H2O is an Open Source, Distributed, Fast & Scalable Machine Learning Platform: Deep Learning, Gradient Boosting (GBM) & XGBoost, Random Forest, Generalized Linear Modeling (GLM with Elastic Net), K-Means, PCA, Generalized Additive Models (GAM), RuleFit, Support Vector Machine (SVM), Stacked Ensembles, Automatic Machine Learning (AutoML), etc.
I'm here to suggest to H2O users and staff and Arno to consider a strategic feature suggestion. Big data streaming in deeplearning is going to be a great upgrade. However, it's not really enough to put streaming capability into deeplearning only. That's necessary but not sufficient IMHO.
Streaming needs to be more general than just for deeplearning. Linear regression and linear models are still very important with big data. Streaming is going to be a key enabler to be able to simply complete a training session when your number of examples gets big.
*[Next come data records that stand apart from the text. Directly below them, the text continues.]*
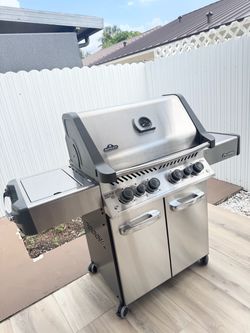 Barbecue - Napoleon Legacy Prestige 500 4-Burner prestige for Napoleon Propane Gas Grill with Infrared Side and Rear Burner in Stainless Steel set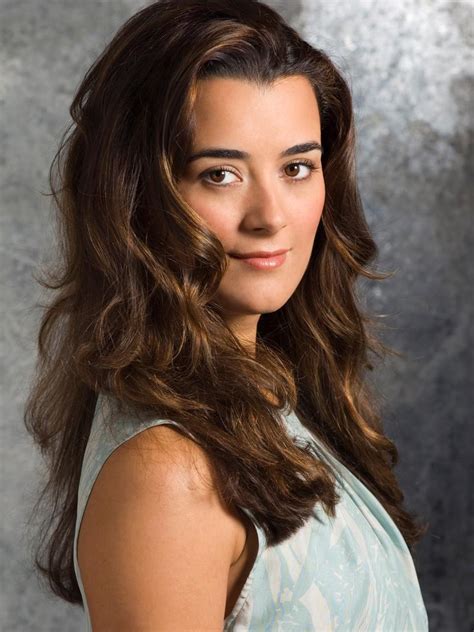 Cote de Pablo aka Ziva David from NCIS : r/ladyladyboners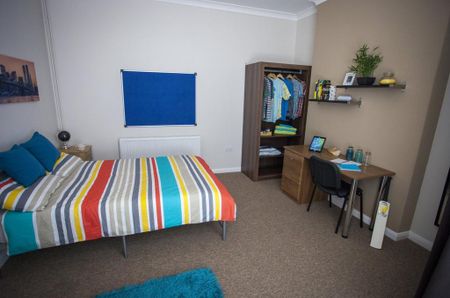 6 bedroom house to rent - Photo 2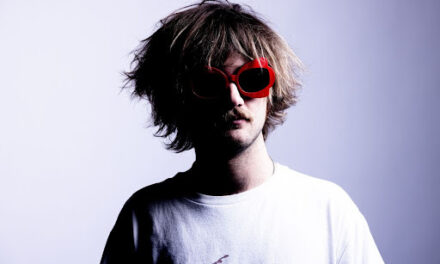 Julian maas: entre el ruido y la melancolía, “Cherry” marca un nuevo pulso en el indie-sleaze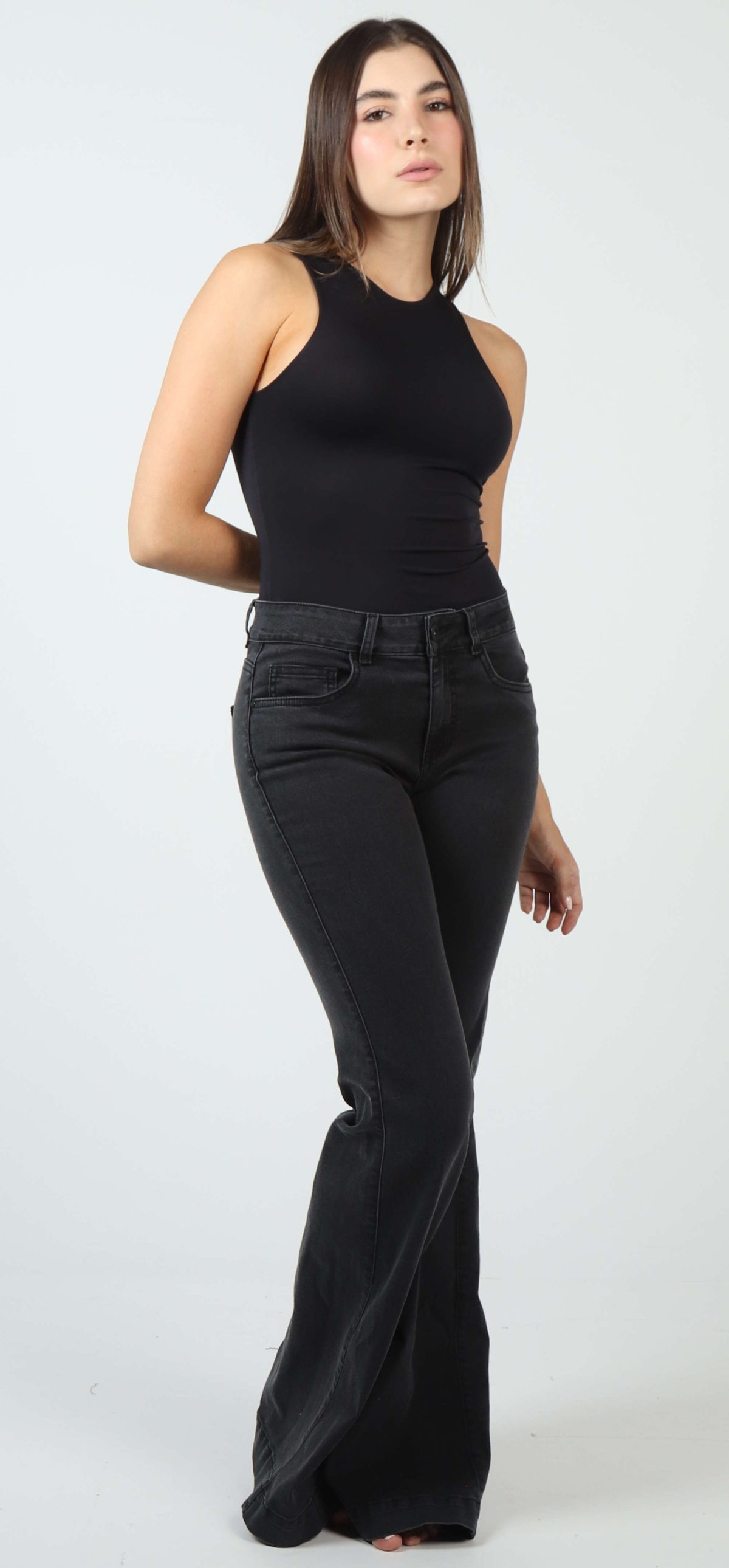 Jean Femenino Flare Fit Esencial de Moda Negro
However, what data scientists will really want deeplearning to be literally the only tool in my toolbox that can handle my big data project with H2O? I need flexibility of choice of data science algorithm. Different data characteristics will tend to work better with different learning algorithms. My data's huge number of examples alone, should not be the sole criterion which limits me to using the deeplearing algorithm on a project.
A truly big number of examples in a dataset, is generally going to automatically reduce the variance of the fitted learning model, which is awesome good news. A linear GLM model will generalize very nicely, perhaps even without regularization, at such large quantity of examples. Weblogs are an example of dataset that come to my mind that I am talking about, with typically just dozens of columns, but hundreds of millions of rows or a billion rows, very commonly and easily encountered.
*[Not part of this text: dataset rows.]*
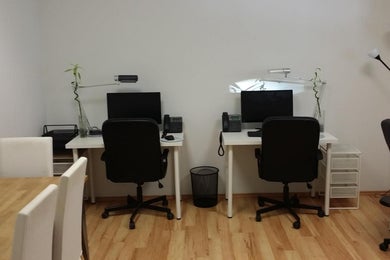 Privates Büro für 3-4 Personen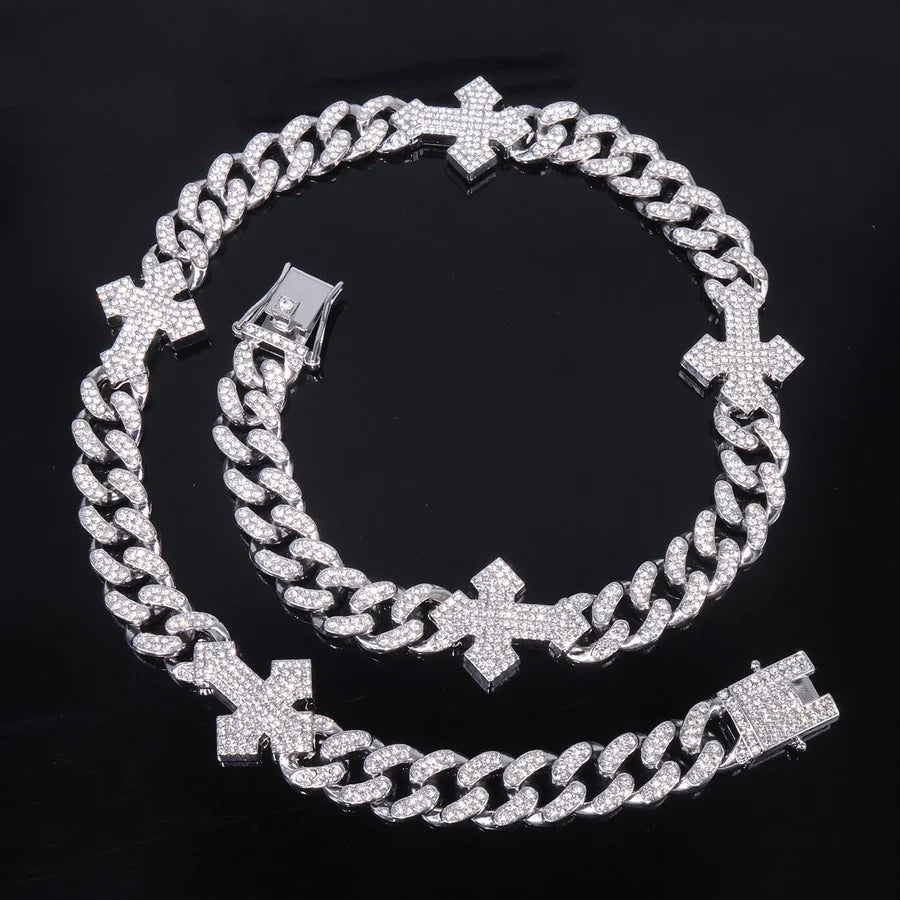 Naszyjnik z krzyżem kubańskim Iced Out: Symbol odważnej, niebiańskiej siły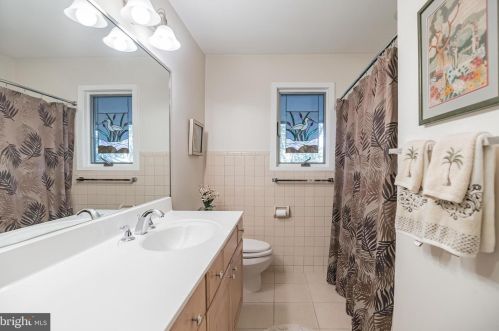 221 Elm Ave, Tavistock NJ 08033-2538 exterior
Let me share an experience. At a bank several years ago, I was the consulting lead engineer on parallelism re-engineering of a Fortune 500 web statistics server system. The web logs were too big, and there were too many to process in a 24 hour cycle, for the original sequential code to keep up. We kept getting more clients who wanted to use our good webstats systems, so the slowness was going to only get worse not better if something wasn't fixed. We (my client) were a victim of our own success.
These web logs are a big data case in the real world for business enterprises of all kinds. It's mundane not as cool like computer vision. But it's very real.
I am less than happy if you tell me that H2O demands, and will always demand, strictly a neural network model for all my big weblogs. I really should be able to use GLRM and GLM on my big data, using the streaming input paradigm, not the preload-all-data paradigm.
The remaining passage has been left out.